Yes, I have first hand experience with CLEP tests (and some other similar test by a different name, which I can't recall right now). I took 4 years of college level math from 8th through 11th grades to "prep for college". When I started college, after having not taken math for a year, they gave me a placement test and informed me I could retake advanced algebra or take calculus. Being 18, I was not going to retake advanced algebra. I ended up dropping out of calculus. I was so bitter about the experience I did not take another college math class until my thirties, when I clepped college algebra and got waivered into a statistics class based on my 17 year old SAT scores. I CLEPed some other stuff as well to wrap up an associate's degree and not risk having to start over from scratch if I ever got back to college. It still rubs me the wrong way that a bright student would be told to take yet more advanced math when they already had more math (as I did) than most graduating seniors.
I don't know how you would predetermine which professors are still working professionals. I mostly lucked into that situation, in part by taking classes in GIS, which was apparently still new enough to have lots of working professionals teaching it and not so many full-time professors teaching it.
Sorry for the misunderstanding. I CLEPed several things to wrap up my associate of arts. I don't recall if I CLEPed anything after that, though I did take some additional first year classes....let me see if I can reconstruct the timeline for you:
Took 2 years of college starting at age 18 at the local hometown college. Had no major the first year. Chose a history major the second year so I wouldn't have to change advisors and could largely continue taking whatever interested me. Dropped out because I got married and began following my husband's military career from place to place.
Spent many years checking out every available educational option at every duty station while having babies and doing the military wife thing. Much to my frustration, they never met my needs (will skip the details to try to keep this short).

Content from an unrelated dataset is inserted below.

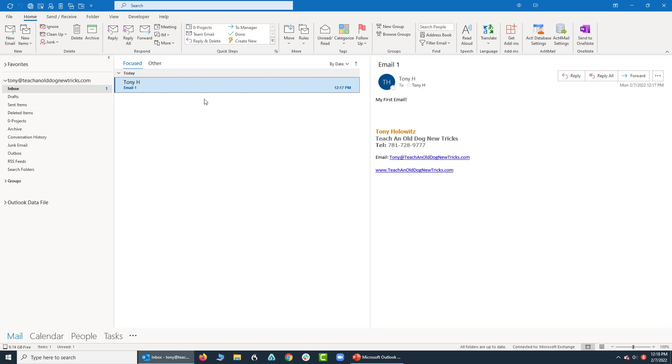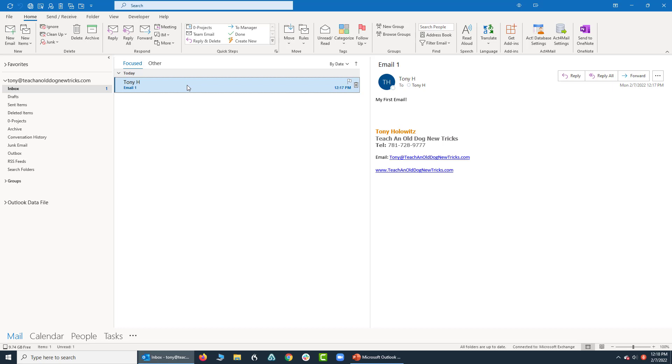When we look at the inbox, right here is the first email, tonyhemail1. The way I see my screen and the way you see your screen in Outlook might look slightly different.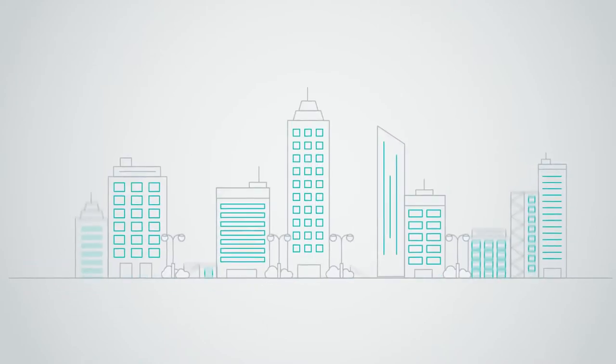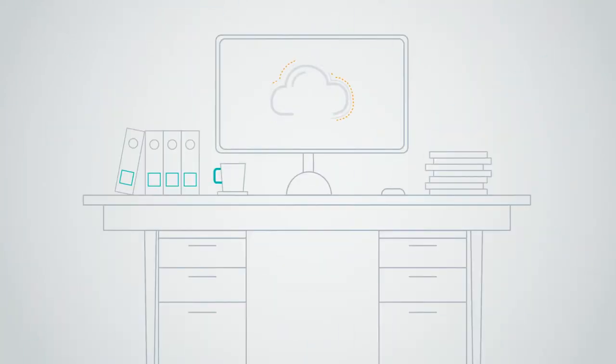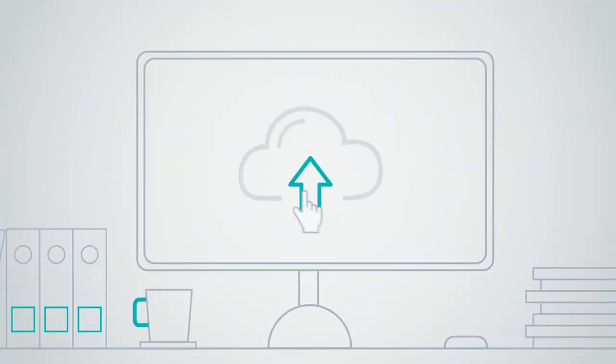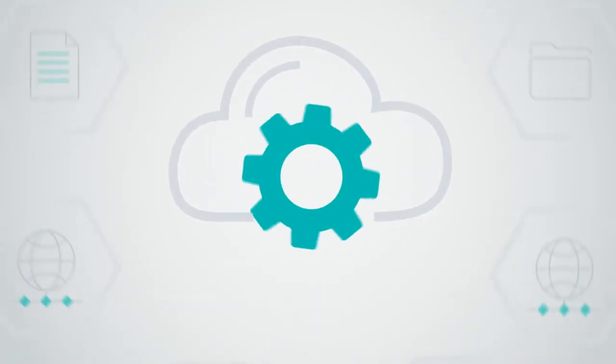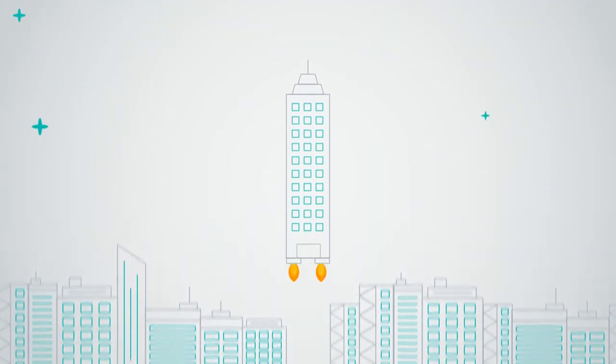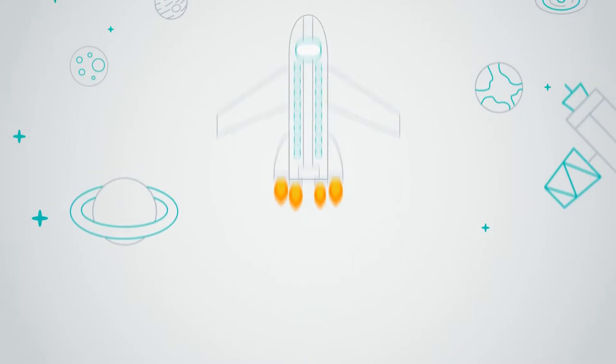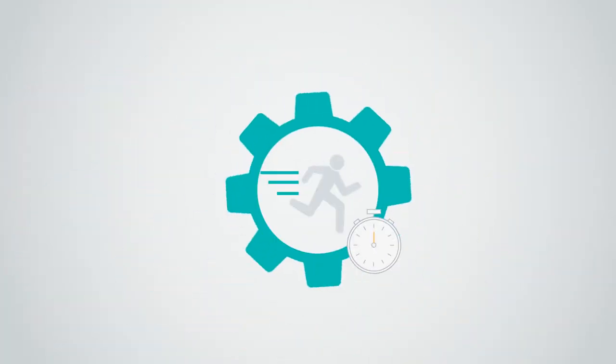For most organizations today, migrating to the cloud isn't a question of if, but a matter of when. Shifting to the cloud has become the standard for businesses looking to accelerate digital transformation. The cloud promises modernization, agility, and cost savings.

Showed up in California, where in-state tuition (that I qualified for) at a community college was about $13/credit hour (and later dropped to $11). Talked to a college counselor. Enrolled in two classes and tested out of three others and was given credit for my 2 years of college from when I was a teen to wrap up an Associate of Arts in Humanities in May 1999.
That fall, much to my astonishment, enrolled in a bachelor's degree (I was astonished because I was trying to lock in those old credits for "some day, when I might return to school", which I had not envisioned to mean "like maybe this fall!"). The program: Bachelor of Science in Environmental Resource Management. Environmental studies degrees are typically rooted in geology departments at colleges and tend to be very science-heavy. Since I had a humanities degree, I was missing some of the lower level sciences I needed. I don't recall if I CLEPed any of those. I do know I took at least one such class at a different California community college. This was amidst a huge health crisis, so some of the details of that time in my life are a bit fuzzy.
Later got my Certificate in GIS, the equivalent of master's level work. But I still have not finished my bachelor's, due in part to a divorce and said health issues. I also now have a certificate my employer paid for, which is industry-specific. Employement-wise, no one cares that I have done the equivalent of master's level work. I don't have my bachelor's degree, so it's a big "So what?" My plans: make it on my own, where actual ability to Bring It matters more than a sheepskin.
I don't know how you would predetermine which professors are still working professionals. I mostly lucked into that situation, in part by taking classes in GIS, which was apparently still new enough to have lots of working professionals teaching it and not so many full-time professors teaching it.